Example command with S3, RDS and custom config directory
* EMR 3.x
aws emr create-cluster \ --name "CLUSTER_NAME" \ --ami-version 3.8.0 \ --no-auto-terminate \ --use-default-roles \ --ec2-attributes KeyName=KEY_PAIR_NAME \ --instance-groups InstanceGroupType=MASTER,InstanceCount=1,InstanceType=m3.xlarge InstanceGroupType=CORE,InstanceCount=1,InstanceType=c3.2xlarge \ --bootstrap-action \ Path=s3://tajo-emr/emr-3.x/install-tajo.sh,\ Args=["-t","https://dist.apache.org/repos/dist/release/tajo/tajo-0.11.1/tajo-0.11.1.tar.gz",\ "--conf","s3://tajo-emr/template/tajo-0.11.x/c3.xlarge/conf",\ "--lib","http://repo1.maven.org/maven2/mysql/mysql-connector-java/5.1.28/mysql-connector-java-5.1.28.jar",\ "--site","tajo.rootdir=s3://MY_TAJO_BUCKET/tajo \ tajo.catalog.store.class=org.apache.tajo.catalog.store.MySQLStore \ tajo.catalog.jdbc.connection.id=tajo \ tajo.catalog.jdbc.connection.password=YOUR_RDS_PASSWORD \ tajo.catalog.jdbc.uri=jdbc:mysql://gaia-tajo-catalog.c2p4kmiqt5tf.us-east-1.rds.amazonaws.com:3306/tajo?createDatabaseIfNotExist=true" ]
* EMR 4.x
aws emr create-cluster \ --name "CLUSTER_NAME" \ --release-label=emr-4.1.0 \ --no-auto-terminate \ --use-default-roles \ --ec2-attributes KeyName=KEY_PAIR_NAME \ --instance-groups InstanceGroupType=MASTER,InstanceCount=1,InstanceType=m3.xlarge InstanceGroupType=CORE,InstanceCount=1,InstanceType=c3.2xlarge \ --bootstrap-action \ Path=s3://tajo-emr/emr-4.x/install-tajo.py,\ Args=["-t","https://dist.apache.org/repos/dist/release/tajo/tajo-0.11.1/tajo-0.11.1.tar.gz",\ "--conf","s3://tajo-emr/template/tajo-0.11.0/c3.xlarge/conf",\ "--lib","http://repo1.maven.org/maven2/mysql/mysql-connector-java/5.1.28/mysql-connector-java-5.1.28.jar",\ "--site","tajo.rootdir=s3://MY_TAJO_BUCKET/tajo \ tajo.catalog.store.class=org.apache.tajo.catalog.store.MySQLStore \ tajo.catalog.jdbc.connection.id=tajo \ tajo.catalog.jdbc.connection.password=YOUR_RDS_PASSWORD \ tajo.catalog.jdbc.uri=jdbc:mysql://gaia-tajo-catalog.c2p4kmiqt5tf.us-east-1.rds.amazonaws.com:3306/tajo?createDatabaseIfNotExist=true" ]
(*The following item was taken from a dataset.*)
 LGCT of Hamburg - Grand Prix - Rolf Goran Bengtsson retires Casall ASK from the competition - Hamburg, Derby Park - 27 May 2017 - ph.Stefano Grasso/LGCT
Launch Tajo cluster in EMR console
Alternatively, you can launch your Tajo cluster in EMR console web interface.
- Go to EMR console and click Create Cluster.
- (Updated) Click “Go to advanced options” by “Quick cluster configuration”
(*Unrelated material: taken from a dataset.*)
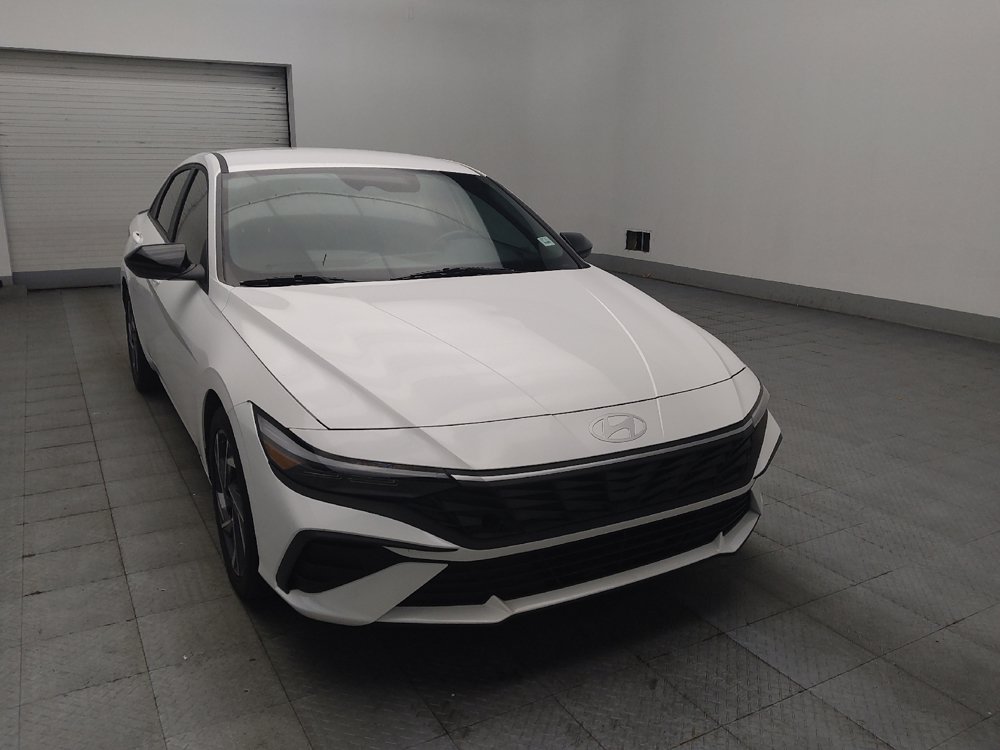 Used 2025 Hyundai Elantra Sport FWD image 13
- In Cluster Configuration section, enter Cluster Name.
- In Software Configuration section, choose Hadoop distribution as “Amazon” and AMI version as 3.5.0 or higher. In Applications to be installed table, delete unnecessary applications.
- In Hardware Configuration section, choose instance type and number of instance for Master and Core nodes.
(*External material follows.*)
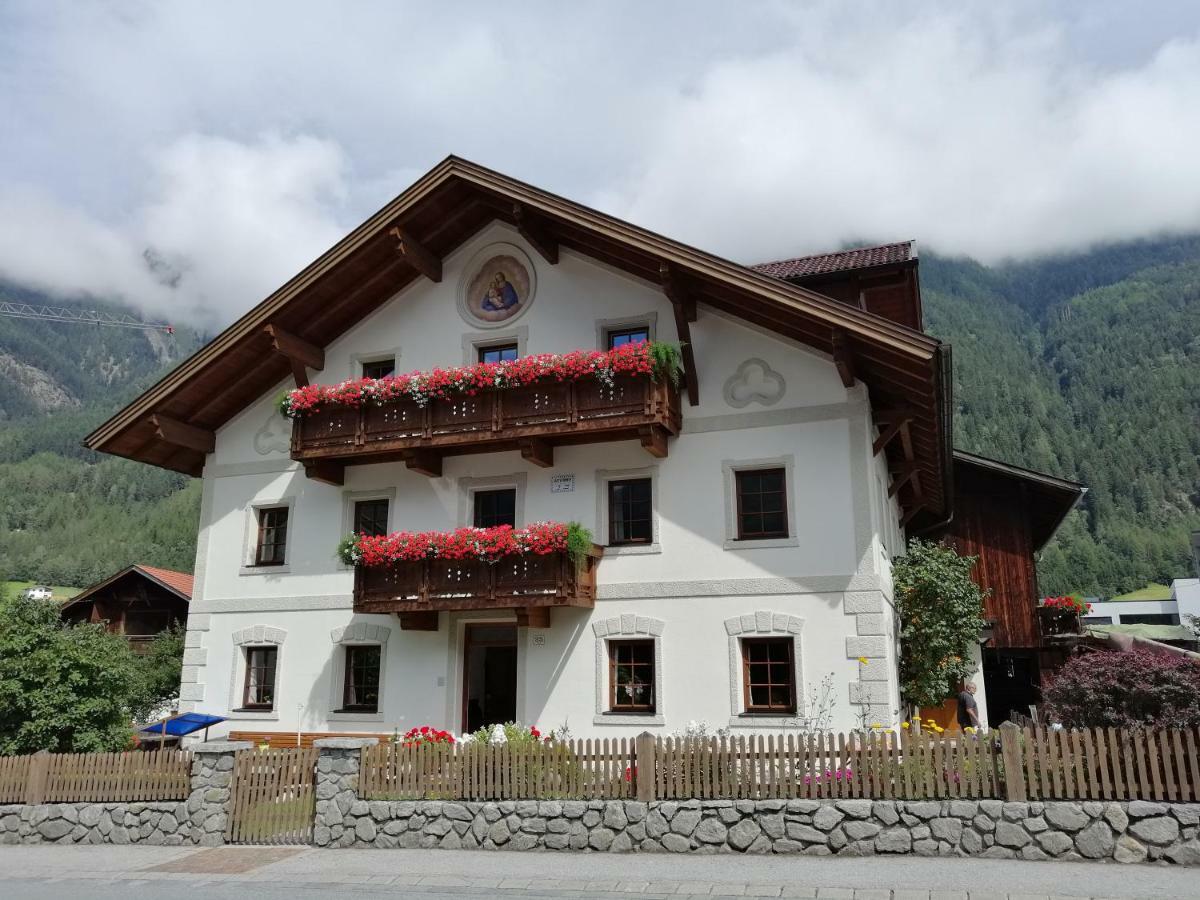 Apartamento Haus Scheiber Umhausen Exterior foto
- For Master node where Tajo master is installed, m3.large or higher spec instance is recommended in general.
- For Core nodes where Tajo worker is installed, c3.xlarge or higher spec is recommended in general.
- In Core instance count, set number of worker nodes in your Tajo cluster.
- Set “0″ in Task instance count. Tajo does not use Task instance.
- In Security and Access section, choose your EC2 key pair for SSH connection.
- In Bootstrap Actions section, choose Coustom action and then click Configure and add button.
- In Add Bootstrap Action popup window,
- In Name, enter bootstrap action name, for example, “Tajo EMR”
- In S3 location, enter the S3 path of bootstrap action script, eg. “s3://tajo-emr/emr-3.x/install-tajo.sh”
- In Optional arguments, enter arguments string for bootstrap action, eg.
- -c s3://tajo-emr/template/tajo-0.11.0/c3.xlarge/conf” -l http://repo1.maven.org/maven2/mysql/mysql-connector-java/5.1.28/mysql-connector-java-5.1.28.jar
- Click Create cluster button and it will start to launch EMR cluster. Check the status of your Tajo cluster in AWS console > EMR.
Now you have your own Tajo cluster on AWS! The next stage is where the fun starts: Running big data analysis with Tajo.
Play with Tajo on AWS
You can run queries in the Tajo command line shell (TSQL) on your Tajo master node.
$ ssh -i keyname.pem hadoop@your-master-node-ip $ /home/hadoop/tajo/bin/tsql Try \? for help. default>
Tajo can access data stored on S3 as an external table, as the following example:
CREATE EXTERNAL TABLE wikistats ( language TEXT, page_title TEXT, hits BIGINT, retrived_size BIGINT ) USING TEXT WITH ('text.delimiter'=' ') LOCATION 's3a://support.elasticmapreduce/training/datasets/wikistats/'; SELECT language, avg(retrived_size) as avg_size FROM wikistats GROUP BY language ORDER BY avg_size DESC LIMIT 20;
For further information on Tajo’s SQL language features, see the Apache Tajo documentation.
Monitor Tajo cluster status with Tajo web admin console
You can then monitor Tajo’s cluster status, jobs and resource usage in the admin panel located at http://your_master_node_ip:26080/ .
To access this pannel, you need to allow access to 26080 port in your security group setting. Go to AWS console > EC2 > Security Groups, and choose your security group for Tajo master (eg. ElasticMapReduce-master) and then add the port in Inbound tab.
Clean up
When you are done running queries using Tajo, you should shut down your cluster to avoid incurring further charges.
-
Disconnect from the master node by terminating your SSH session.
-
From the command line on your local machine, run the following command to terminate your Amazon EMR cluster. Replace “j-762J99T8QGKAC” with the identifier of your cluster.
aws emr terminate-clusters --cluster-ids "j-T9RFQLKZX9CK"
-
Delete any log files stored in your S3 bucket for Tajo. For more information, see http://docs.aws.amazon.com/AmazonS3/latest/UG/DeletinganObject.html
Conclusion
You can setup a Tajo cluster on EMR using bootstrap actions in minutes. With direct access to S3 data and the performance advantage, Tajo can be a powerful solution for your big data analysis on the cloud.